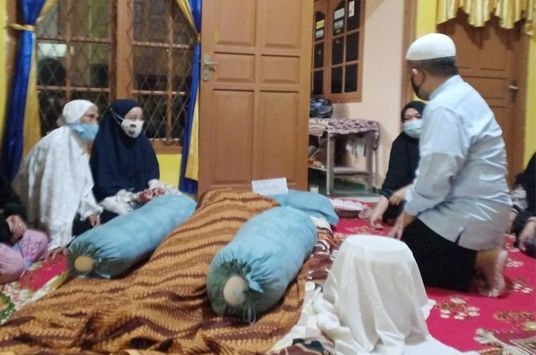 Dokter Meninggal Usai Divaksin, Begini Kata Dokter Forensik dan Dinkes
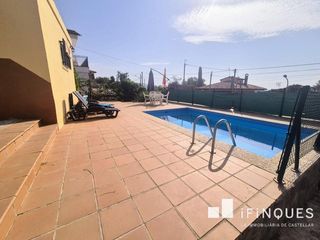 Casa a Bigues i Riells del Fai. Casa acogedora con piscina en la pineda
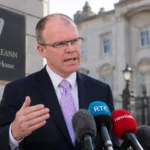 Peadar Tóibín acuză Guvernul că preia politicile Aontú privind imigrația și taxele Peadar Tóibín discurs politic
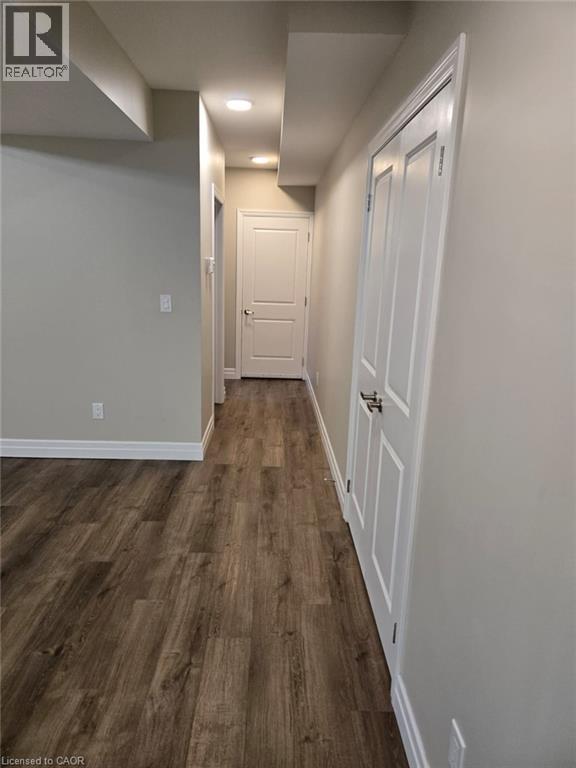 160 Beck Street Unit# Lower Property Photo 2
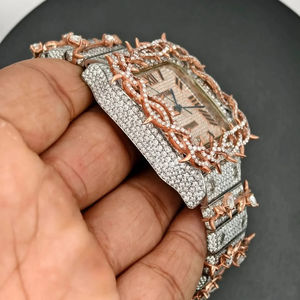 Montre personnalisée Hip Hop en forme de feuille, bicolore, avec diamants Moissanite pour hommes, cadran personnalisé et design unique - Product Image 2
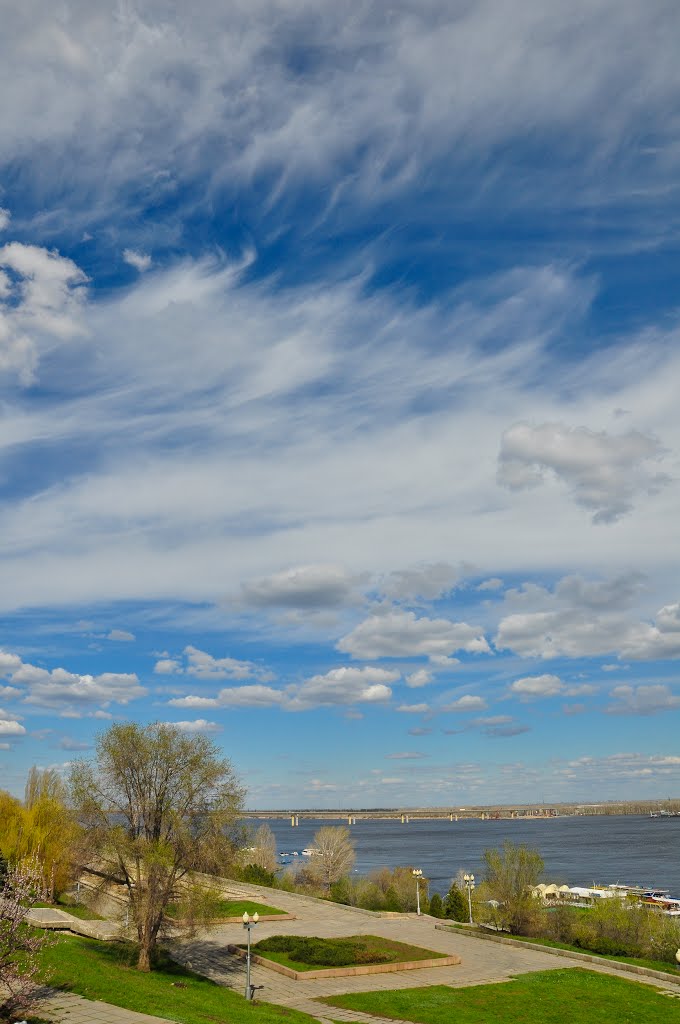 Ветер и облака над Волгой / Wind and clouds above the Volga, Волгоград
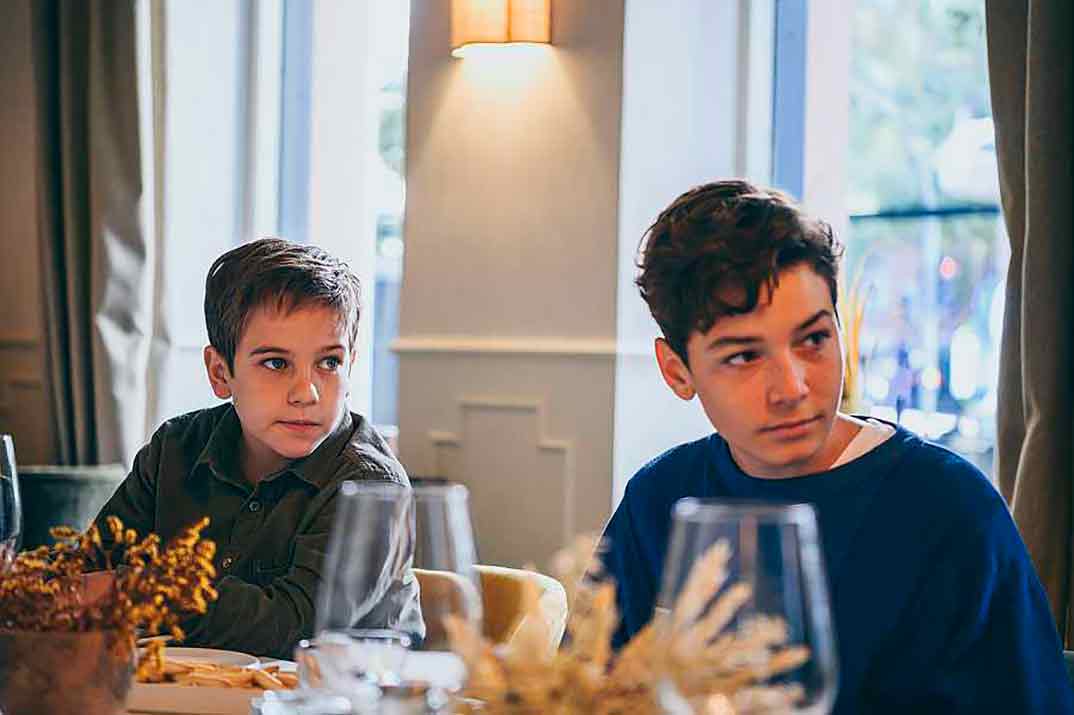 Javier Lorenzo (Oriol) y Víctor Garrido (Santi) - Cuéntame cómo pasó © RTVE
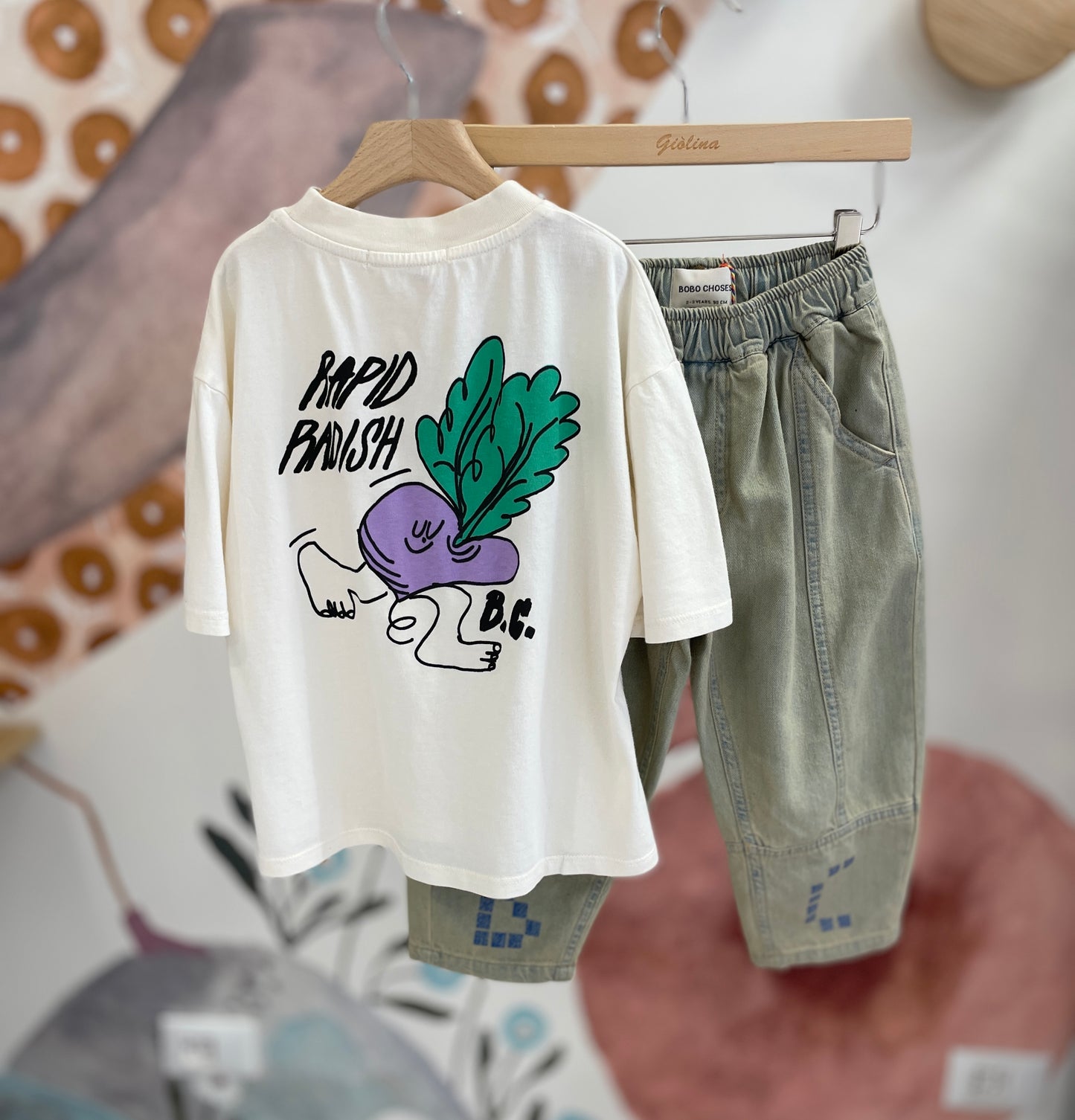 T-shirt oversize “rapid radish” con pantalone Denim salvia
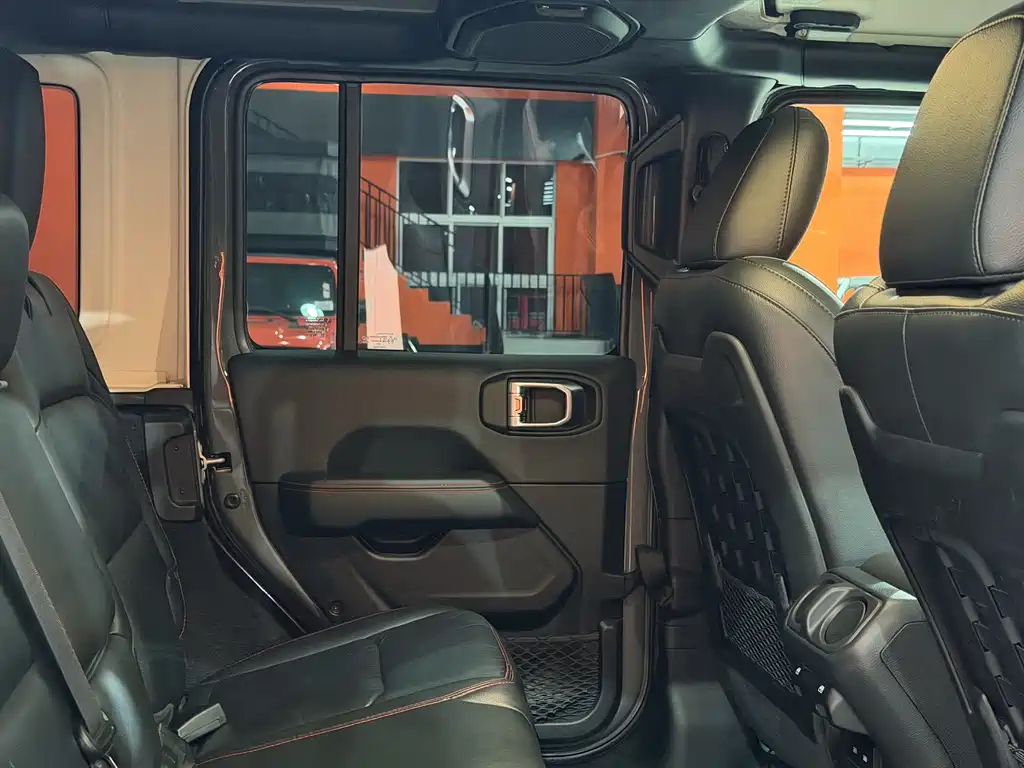 Jeep Wrangler 2023 — фото 18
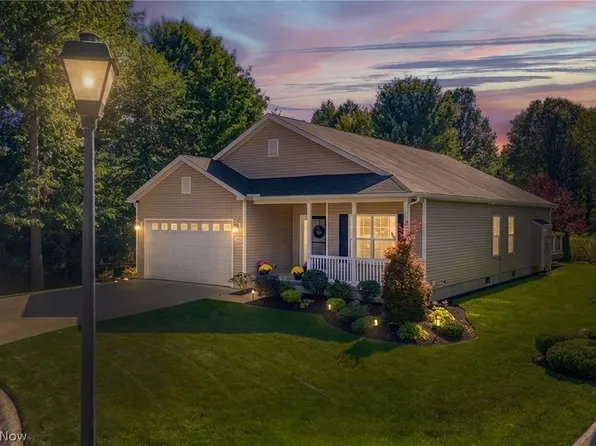 9590 Ravinia Dr, Olmsted Falls, OH 44138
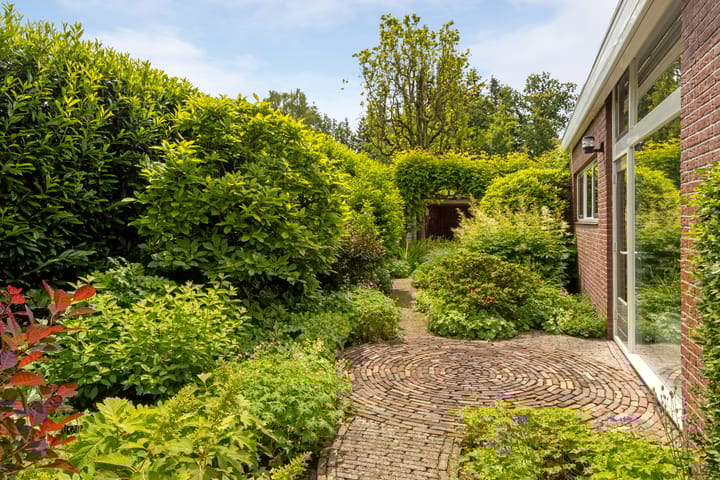 Foto 52 van Burgemeester Ulco de Vriesweg 7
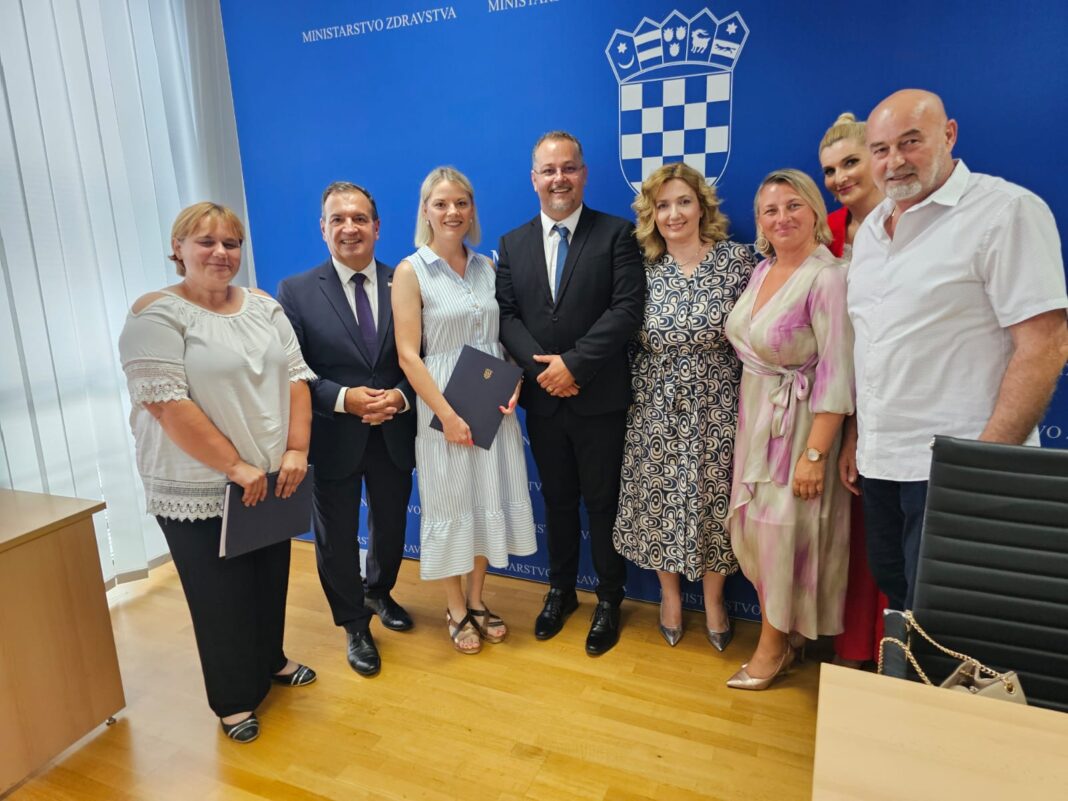 c7f18325-f7c6-4fad-8dd5-18610b871988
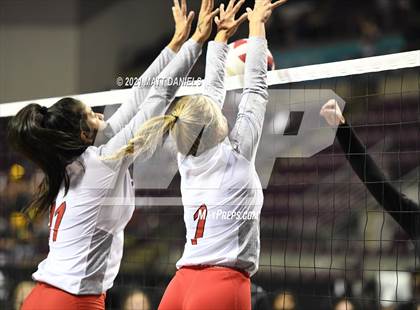 Thumbnail 3 in Eaton vs. Sterling (CHSAA 3A Final) photogallery.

----------

Reproduce exactly the part of the records above that begins at the line holding "Peadar Tóibín acuză" and ends at the final line, both included, leaving out the pictures.

Answer to the problem:
 Peadar Tóibín acuză Guvernul că preia politicile Aontú privind imigrația și taxele Peadar Tóibín discurs politic
 160 Beck Street Unit# Lower Property Photo 2
 Montre personnalisée Hip Hop en forme de feuille, bicolore, avec diamants Moissanite pour hommes, cadran personnalisé et design unique - Product Image 2
 Ветер и облака над Волгой / Wind and clouds above the Volga, Волгоград
 Javier Lorenzo (Oriol) y Víctor Garrido (Santi) - Cuéntame cómo pasó © RTVE
 T-shirt oversize “rapid radish” con pantalone Denim salvia
 Jeep Wrangler 2023 — фото 18
 9590 Ravinia Dr, Olmsted Falls, OH 44138
 Foto 52 van Burgemeester Ulco de Vriesweg 7
 c7f18325-f7c6-4fad-8dd5-18610b871988
 Thumbnail 3 in Eaton vs. Sterling (CHSAA 3A Final) photogallery.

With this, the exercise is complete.